[WHAT YOU HAVE TO DO]:
Repeat word for word the lines from the one containing "G5 Vibration Massager" to the end of the material below, and leave all pictures out.

[SUPPLIED MATERIAL]:
---------------
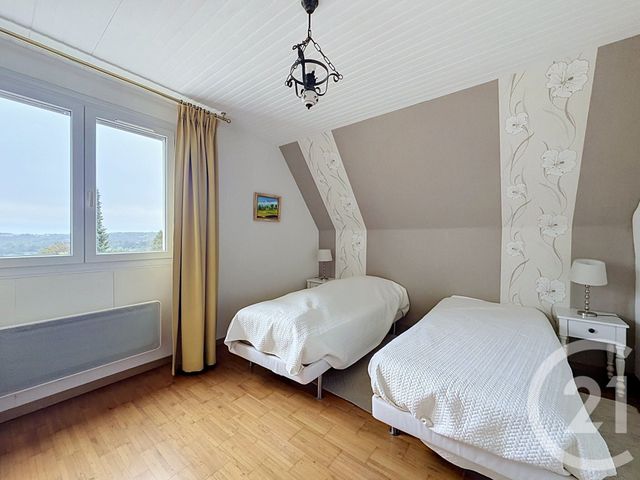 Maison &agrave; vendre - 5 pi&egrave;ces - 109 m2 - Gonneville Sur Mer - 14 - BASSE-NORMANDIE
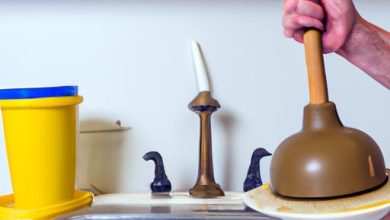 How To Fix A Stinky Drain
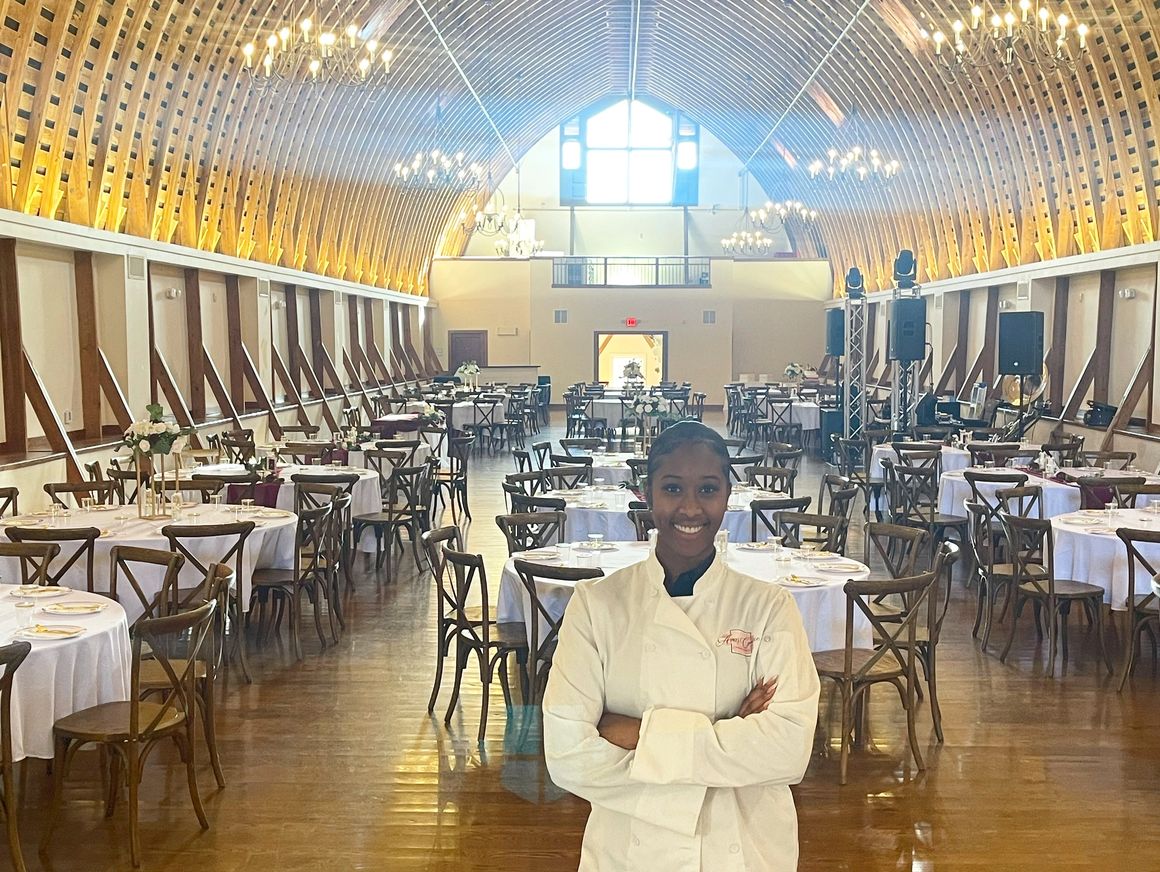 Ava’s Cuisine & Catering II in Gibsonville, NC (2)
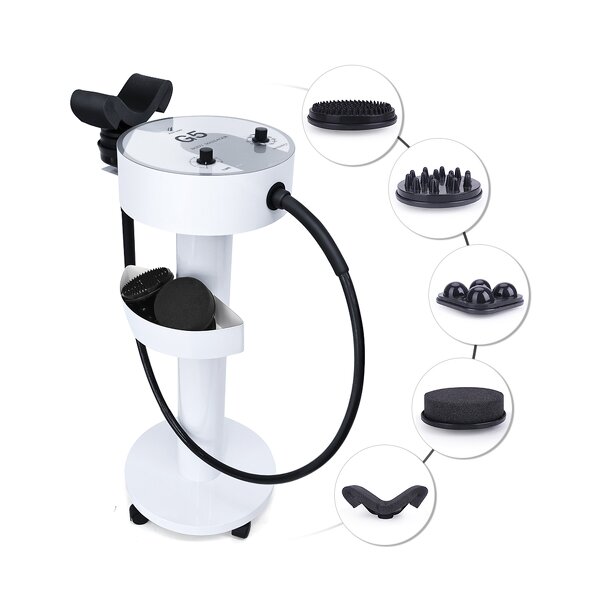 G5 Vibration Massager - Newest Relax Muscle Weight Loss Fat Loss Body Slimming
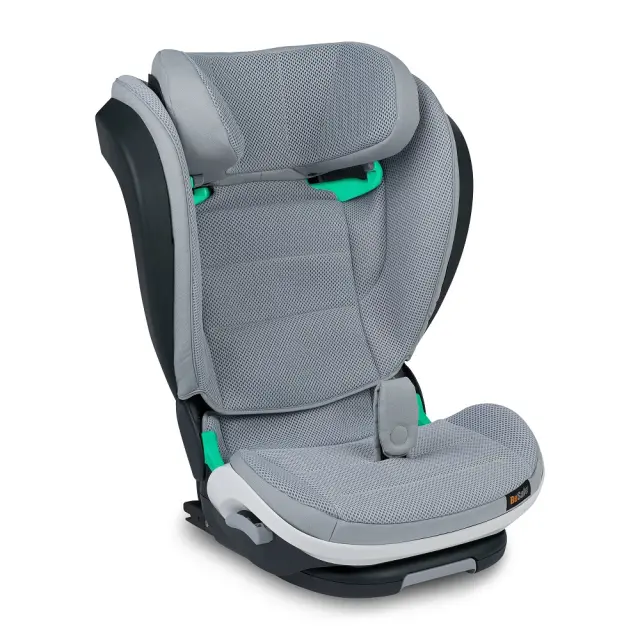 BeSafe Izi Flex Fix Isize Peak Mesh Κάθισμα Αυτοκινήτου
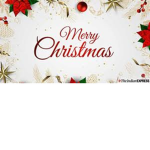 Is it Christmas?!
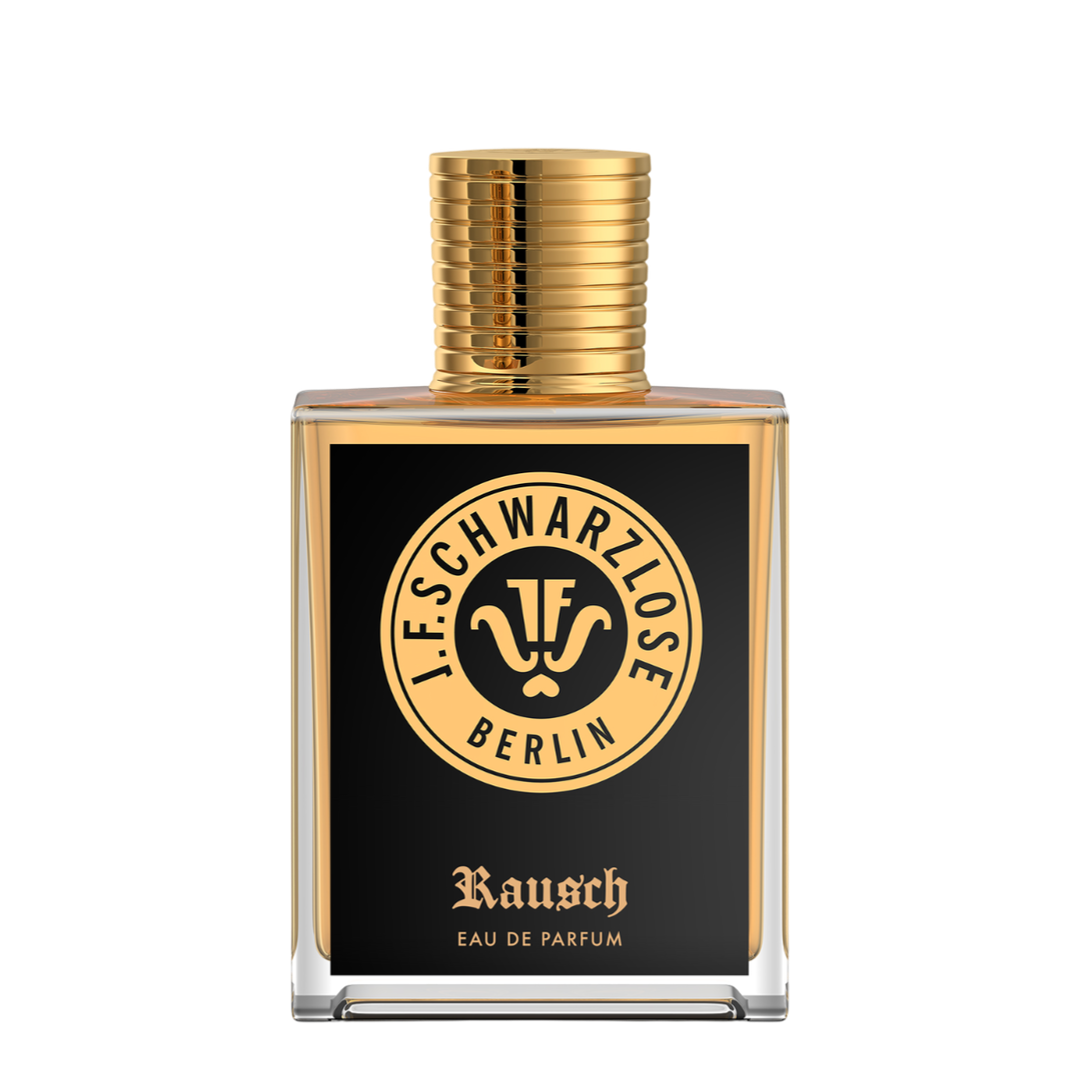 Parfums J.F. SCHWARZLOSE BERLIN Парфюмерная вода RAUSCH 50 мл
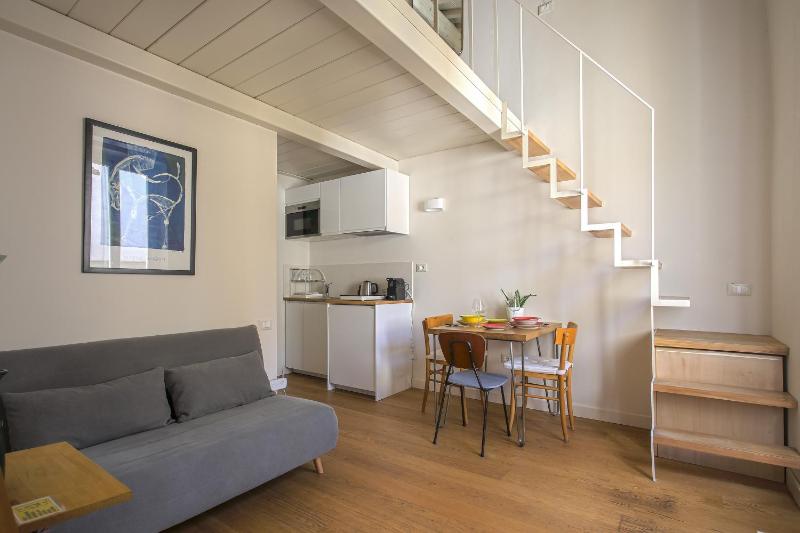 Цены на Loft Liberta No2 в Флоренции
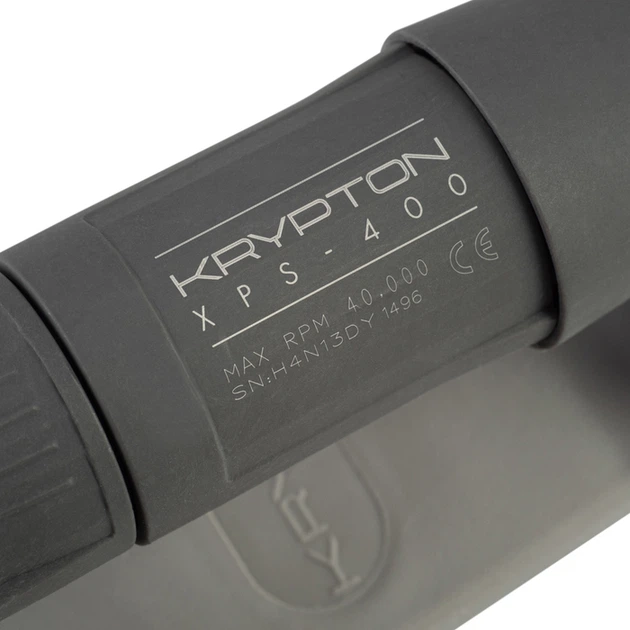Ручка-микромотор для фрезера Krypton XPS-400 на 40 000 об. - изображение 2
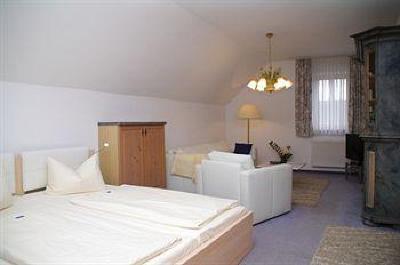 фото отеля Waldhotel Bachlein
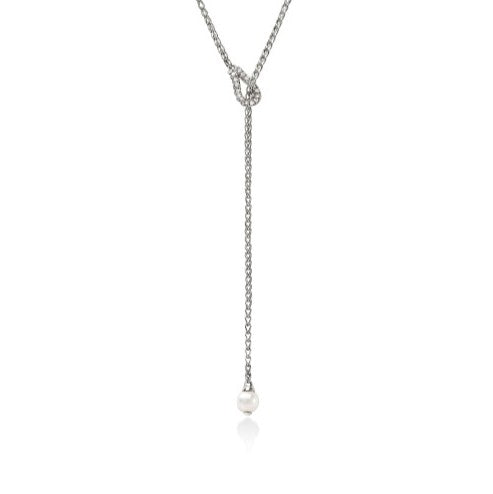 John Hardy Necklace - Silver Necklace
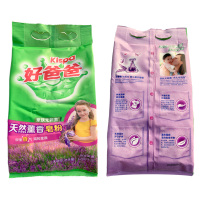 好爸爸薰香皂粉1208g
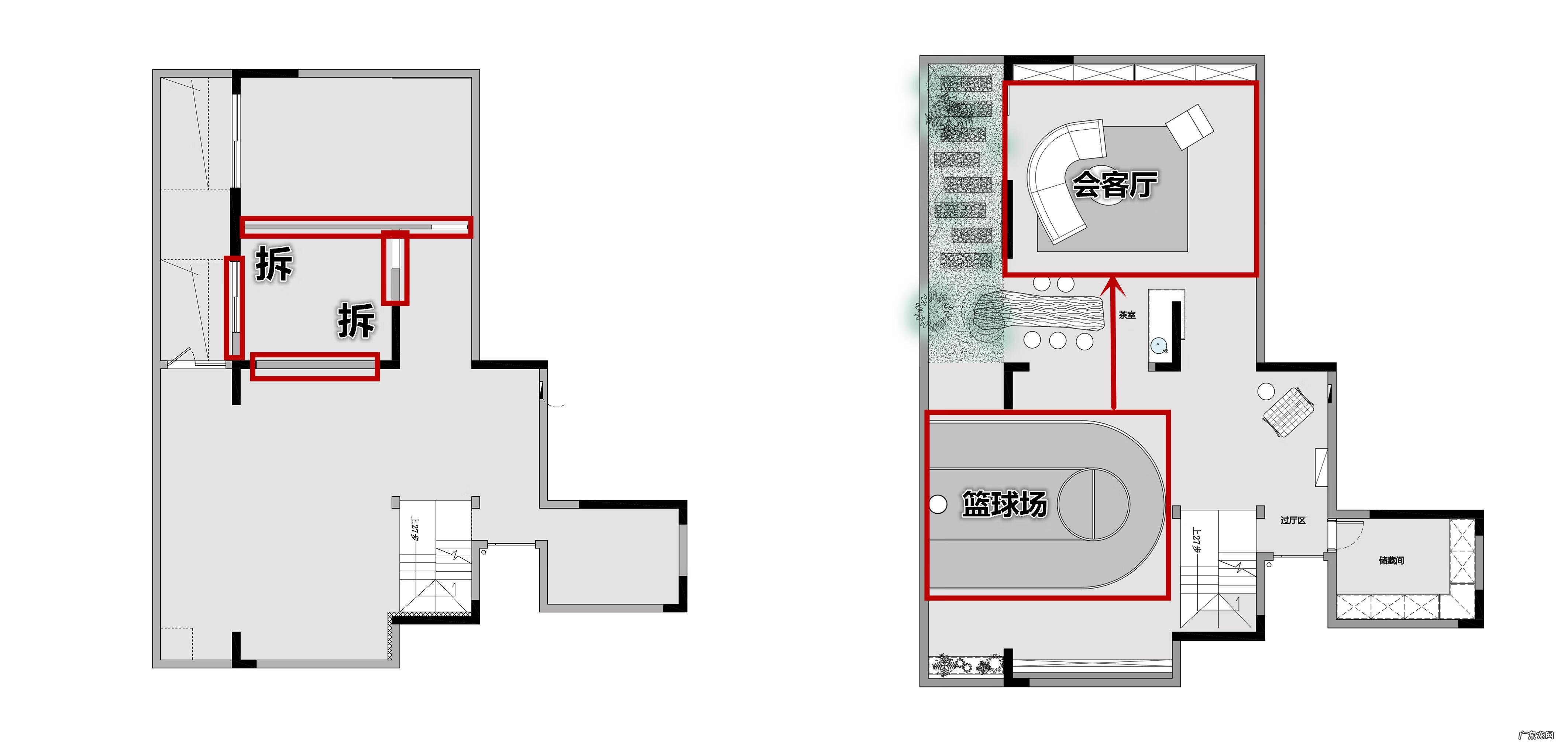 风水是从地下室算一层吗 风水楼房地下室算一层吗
---------------
[RESULT BELOW]:
 G5 Vibration Massager - Newest Relax Muscle Weight Loss Fat Loss Body Slimming
 BeSafe Izi Flex Fix Isize Peak Mesh Κάθισμα Αυτοκινήτου
 Is it Christmas?!
 Parfums J.F. SCHWARZLOSE BERLIN Парфюмерная вода RAUSCH 50 мл
 Цены на Loft Liberta No2 в Флоренции
Ручка-микромотор для фрезера Krypton XPS-400 на 40 000 об. - изображение 2
 фото отеля Waldhotel Bachlein
 John Hardy Necklace - Silver Necklace
 好爸爸薰香皂粉1208g
 风水是从地下室算一层吗 风水楼房地下室算一层吗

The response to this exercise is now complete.